Sissy arrived wheeling a for-hire bicycle. He parked it against the railing.
‘Did you get a chance to call Bangkok?’ I asked.
‘Yup. Made a couple of calls from the pharmacy. I got through to director Boon’s production company. They’re all still in shock about his death. I talked to his personal assistant. Asked about Khin.’
‘Her study grant?’
‘It’s frozen. They said they had no notification from Boon telling them to issue a cheque. There were three directors heading the company. The other two have promised to honour any contracts or commitments made by Boon but they had nothing on paper about our Burmese.
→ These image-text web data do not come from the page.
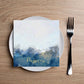 Blue watercolor Passover cocktail napkin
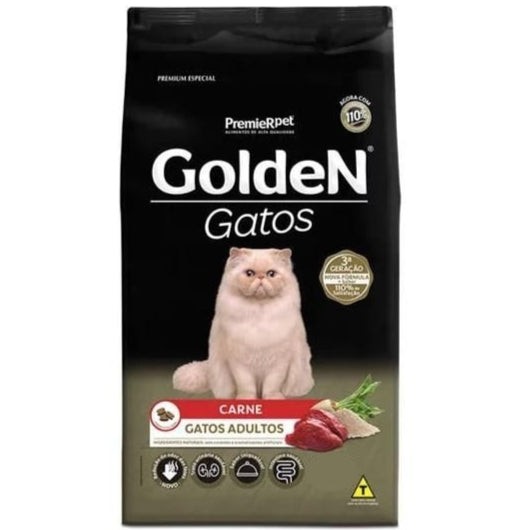 Ração Golden para Gatos Adultos Sabor Carne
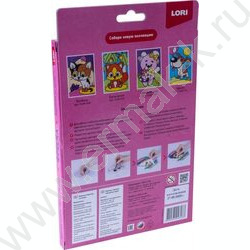 Набор д/творчества Фреска. Картина из песка "Медвежонок" | Фото 5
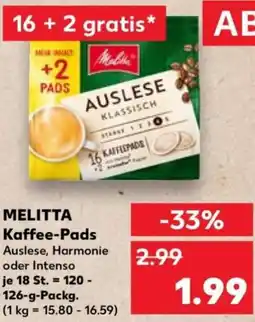 Kaufland MELITTA Kaffee-Pads Angebot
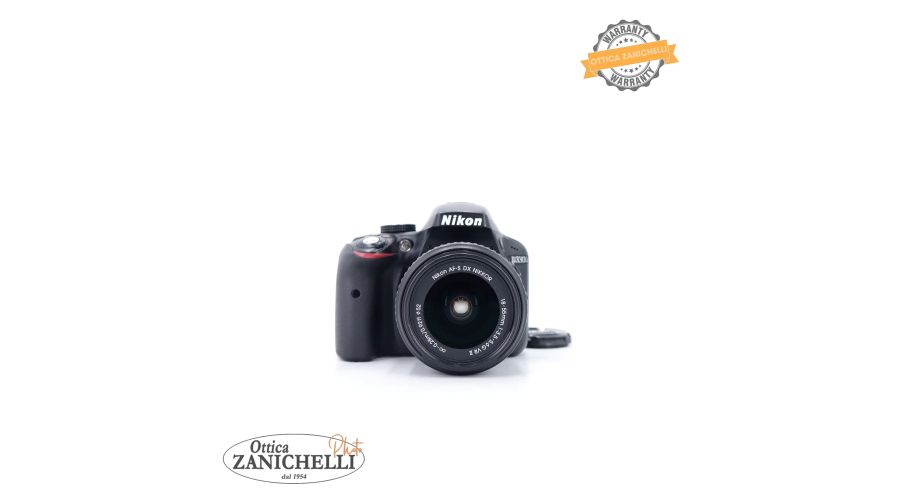 Nikon D3300+18-55mm II 14559 Scatti Usato 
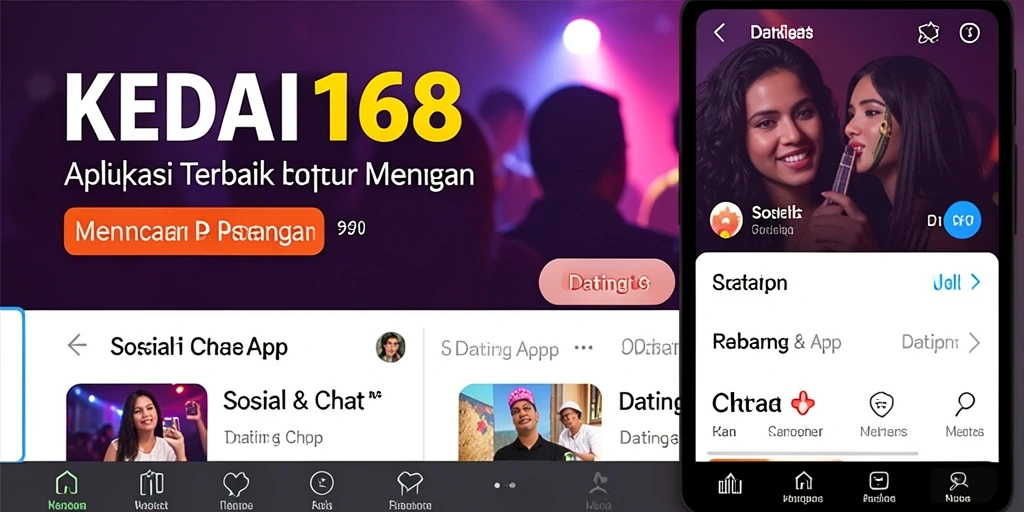 Tampilan antarmuka KEDAI168 yang modern dan intuitif.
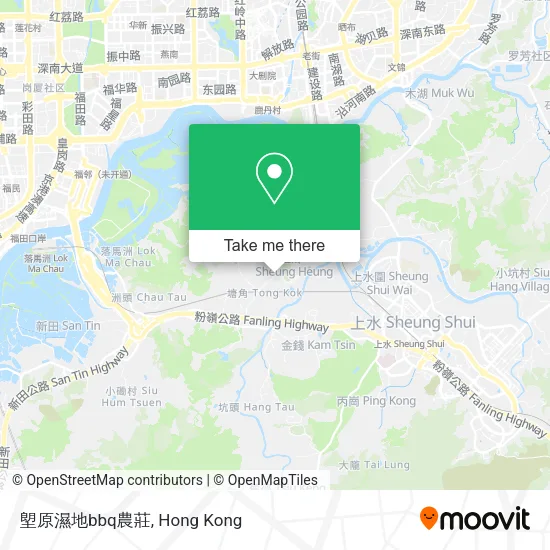 塱原濕地bbq農莊 map
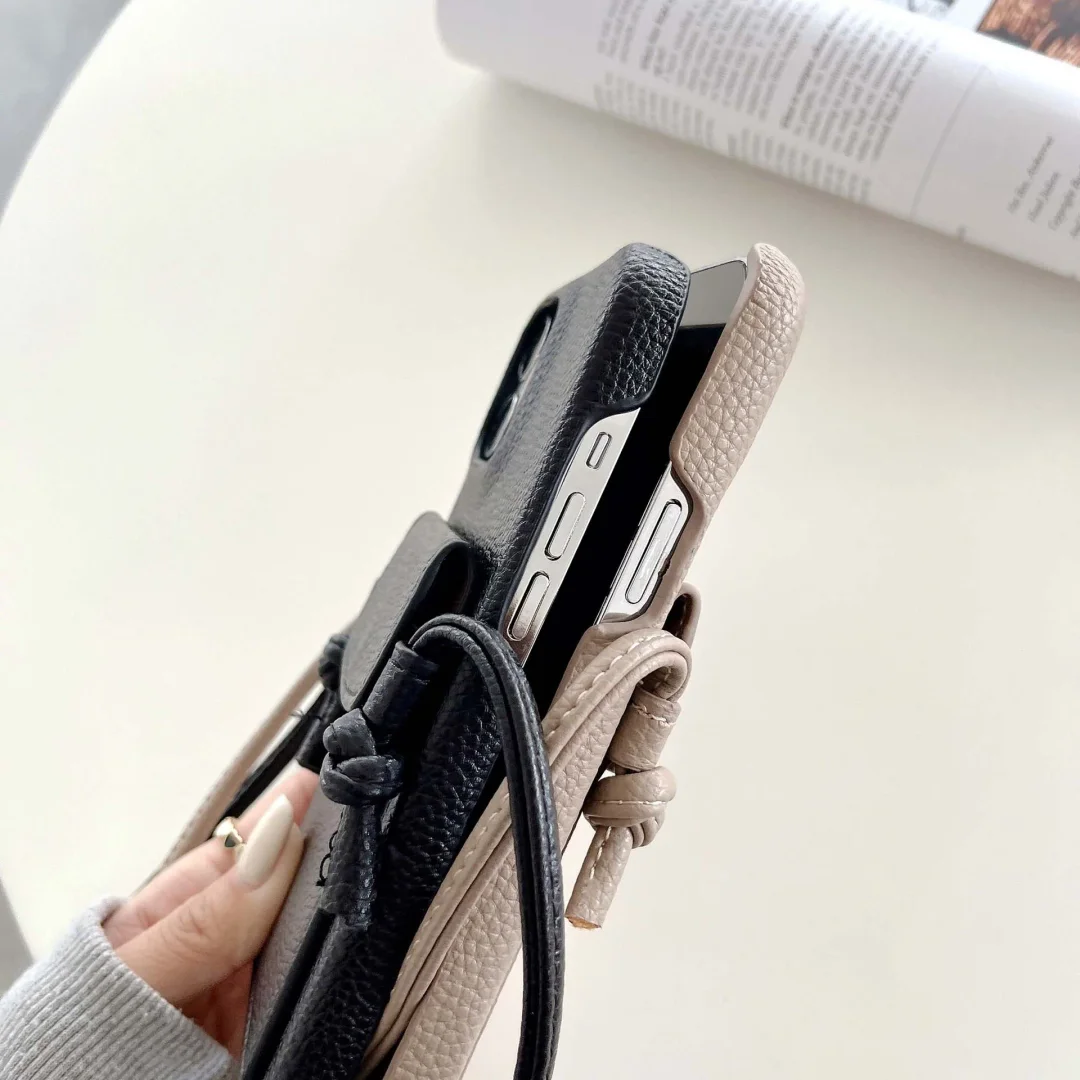 Suitable for Apple 13/14 series messenger card  bag Phone case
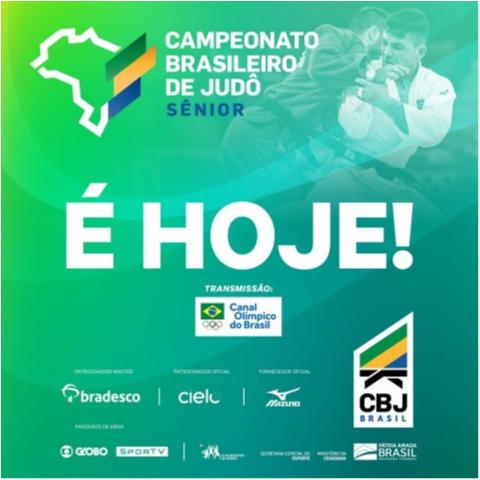 ASSISTA AO VIVO - Campeonato Brasileiro de Judô - Sênior Feminino 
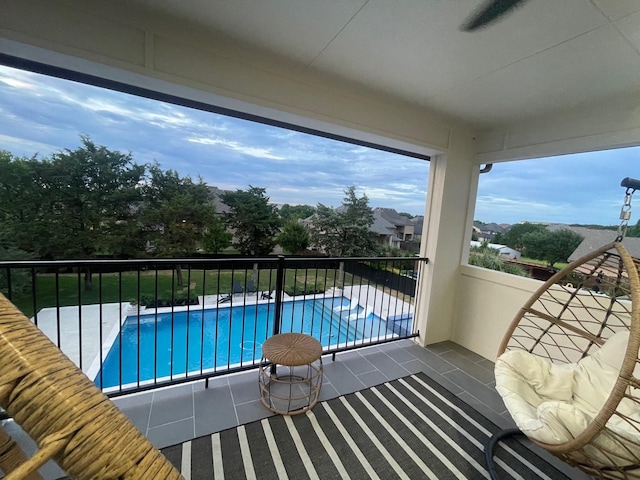 320 W Highland St, Southlake, TX 76092 - balcony featuring view of pool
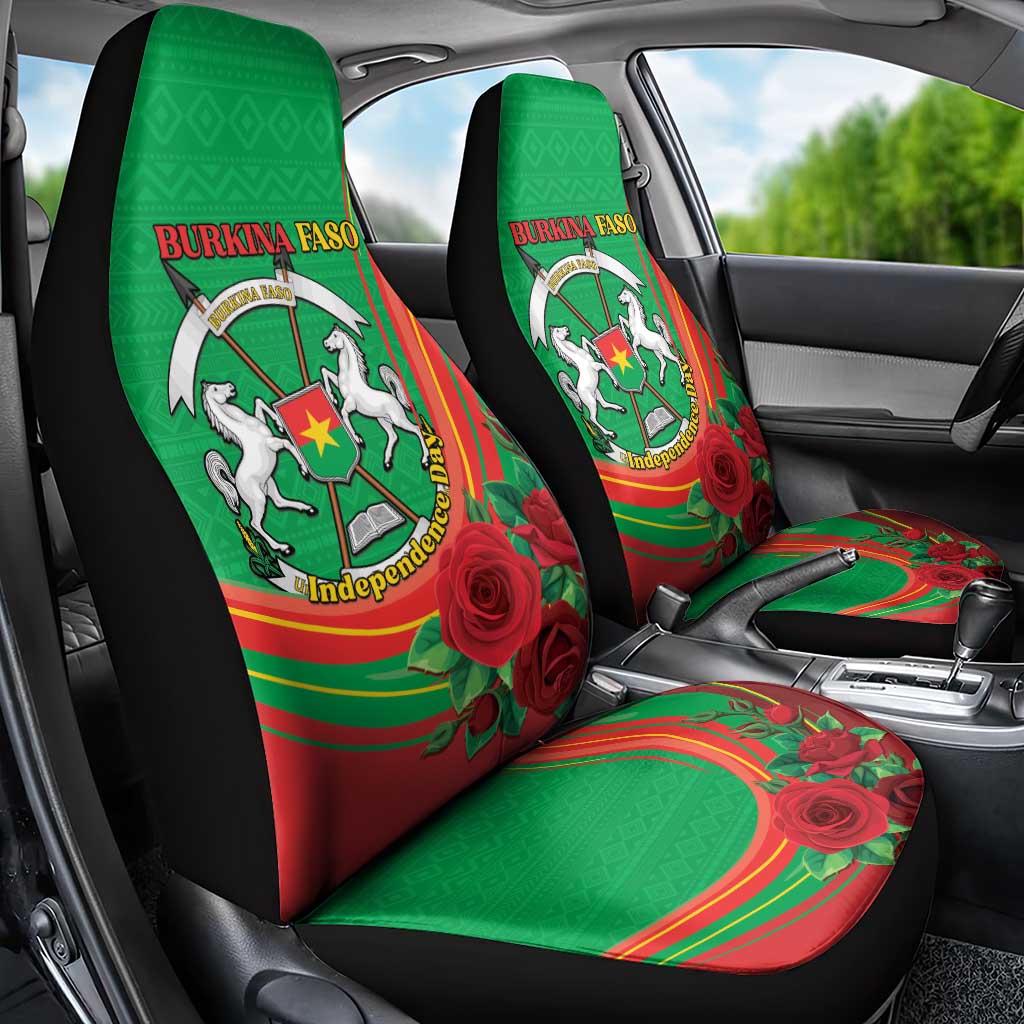 Burkina Faso Independence Day Car Seat Cover Coat Of Arms African Pattern
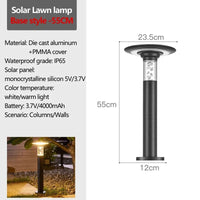 Lampe solaire de jardin LED étanche pour extérieur | Marco Lucetti Lampe à gazon solaire-A55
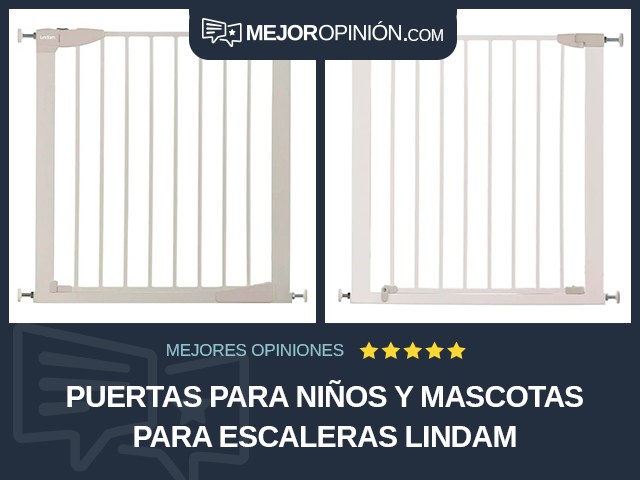 Puertas para niños y mascotas Para escaleras Lindam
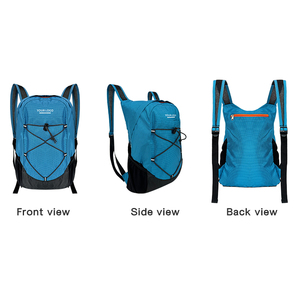 Mochila Plegable para Senderismo, Resistente al Agua, con Cordón Elástico y Detalles Reflectantes, para Camping, Viajes y Deportes - Product Image 3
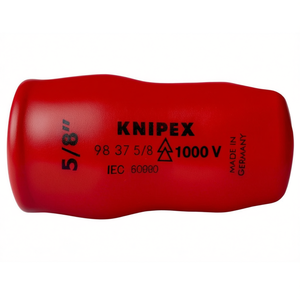Knipex <b>Socket</b> Wrench 5/8 In Double Hexagon 1000 V Insulated Made In Germany - Product Image 2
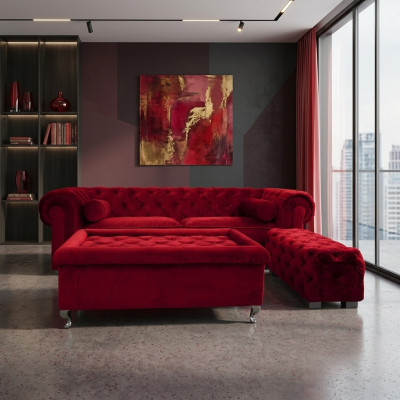 Chesterfield Sofa Polster Designer Sofy Kanapy Zestaw Sofa SsIII Sofa №20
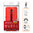 Flexi Slim Carbon Fibre Case for Oppo Reno2 Z - Brushed Red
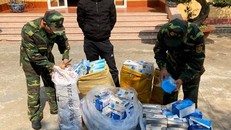 Đồn Biên phòng Hải Hà tịch thu toàn bộ số hàng hóa và lập biên bản xử lý.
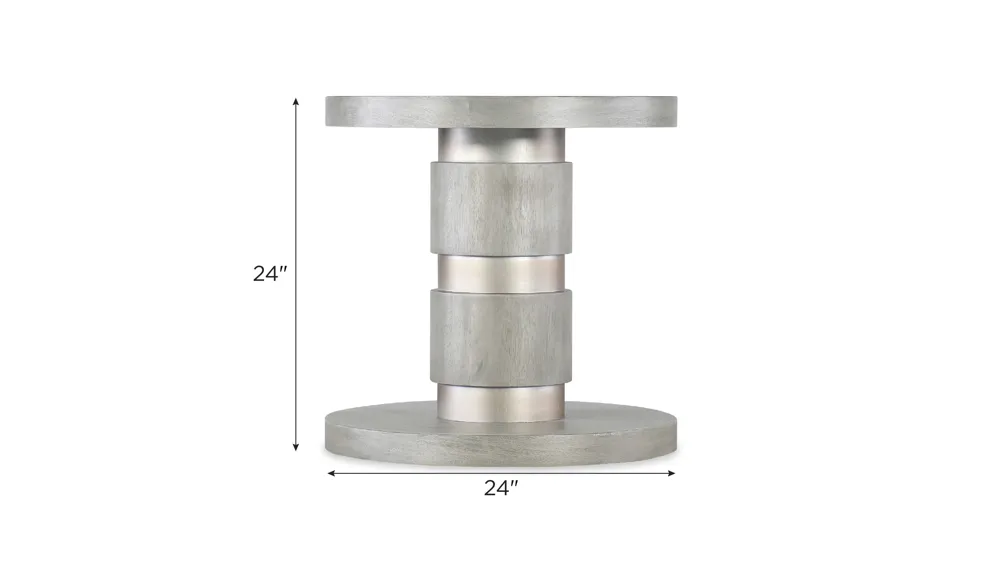 Melange Guilded Accent Table Dimensions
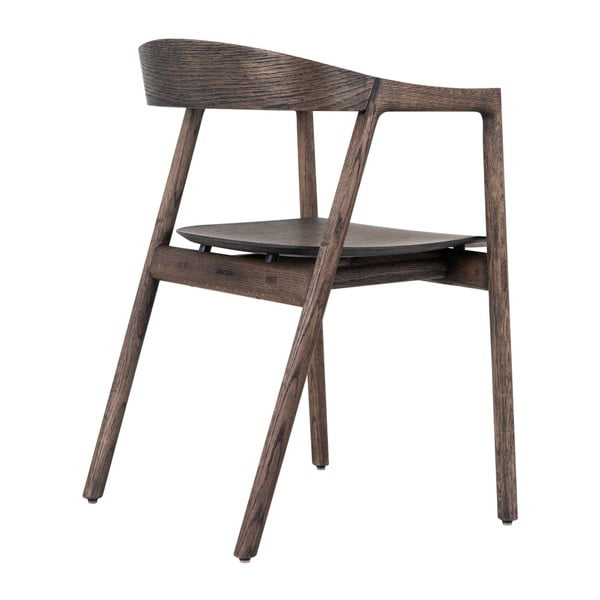 Hnedá jedálenská stolička z dubového dreva Muna – Gazzda-image-4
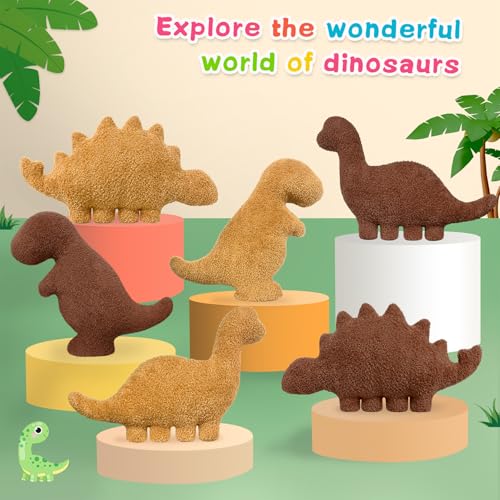 Andywoo Dino Nuggets Pillow Plush – Small Tyran Rex Chicken Nugget Stuffed Animal for Funny Gifts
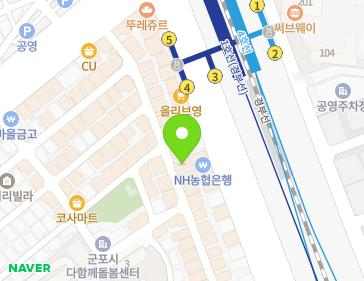 경기도 군포시 산본천로226번길 29 (금정동) 지도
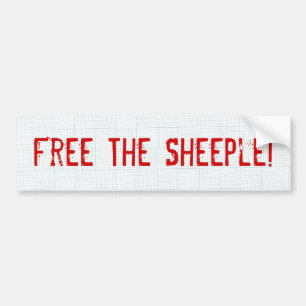 Geben Sie das Sheeple frei! Autoaufkleber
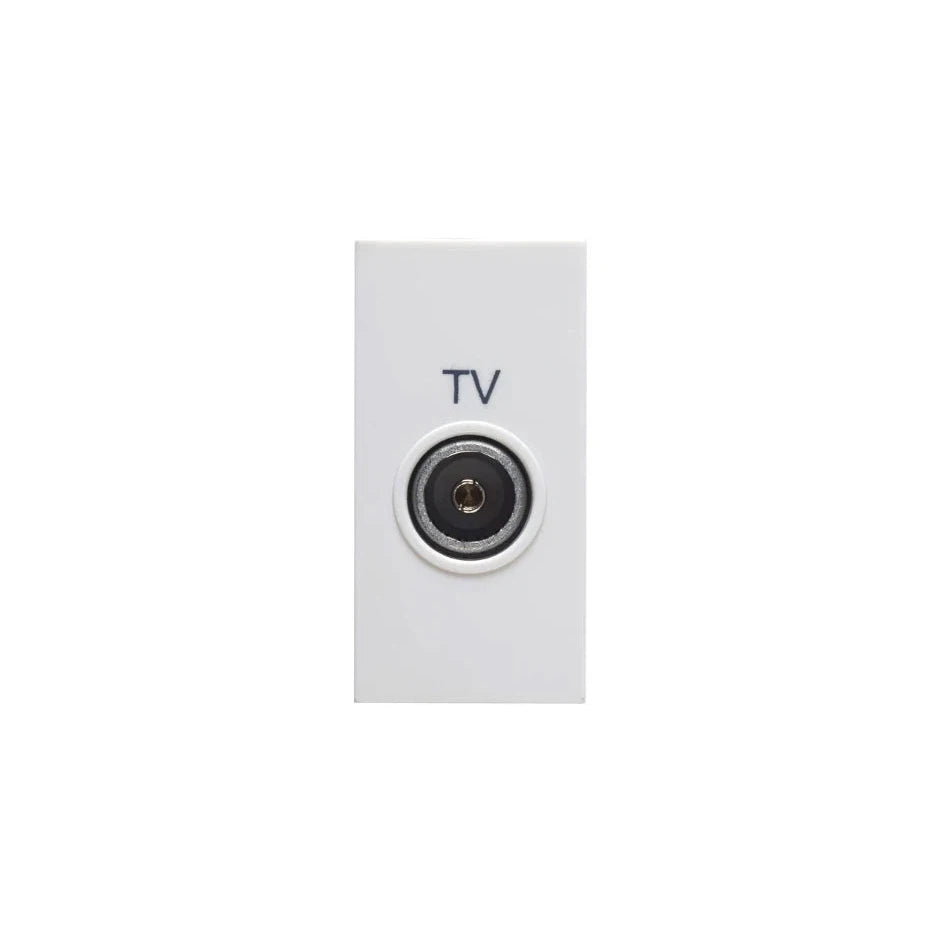 Deta S1442 Co-axial Female TV Outlet Module White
They said there’s nothing they can do.’
‘Good of ‘em.’
‘She’ll have to make do with the advance he gave her before he died.’
‘She’s survived on less,’ I said.
‘I got chatting to the secretary,’ said Sissy as he chained the bike to a tree. ‘I asked if she could think of anybody who’d want to kill her boss. She seems to think everyone was really fond of him. He wasn’t t
he type to get into shady business deals. He put all his effort into making movies and left the administration decisions to the senior partner.’
‘Dead end!’
‘Maybe not. I asked her about Boon’s next project. Get this. He was due to work here for the duration of Siam in a sort of technical advisor role. Then he’d be staying on in Fang with his crew to make a local historical drama right out there on the Siam set.’
‘So,’ I said, ‘Boon makes a deal with the Americans to use their sets, maybe hang on to some of the extras. He saves a heap of money and the Americans don’t have to worry about pulling down the wall and the palace.’
‘That’s how I see it.’
‘Everyone’s happy. So, why kill him?’
‘That’s where we find ourselves, my sister. The why.’
He walked up onto the balcony and flopped onto a recliner. Arny dragged himself into a position where he could prop his head up on the wooden balustrade.
‘I got the number of Star Casting and Locations from Lizzie, OB’s gofer,’ said Sissy. ‘Now, you’d think, given that they’re coordinating for a big budget Hollywood movie, Star Casting would want to keep their finger on the pulse and make sure nothing got screwed up. You’d think they’d have a publicist there just to handle enquiries about the movie. You’d think if someone from the New York Times called them and started asking questions, they’d be only too pleased to boast about their service.’
‘You told them you were New York Times?’
‘I may have intimated, yeah. But you know what they did? They said all the details for the Siam project were being handled by some outsourcing company in the north. The people in Bangkok couldn’t tell me a damn thing.’
I was shocked.
‘They outsource for one of the biggest productions of the year?’ I said.
‘Exactly.’
‘They give you a number for the other company?’
‘Yup.’
‘Fang?’
‘Can’t tell. They said it was in Chiang Mai, but don’t go looking for a multi-story office building downtown. It’s a cell phone number.’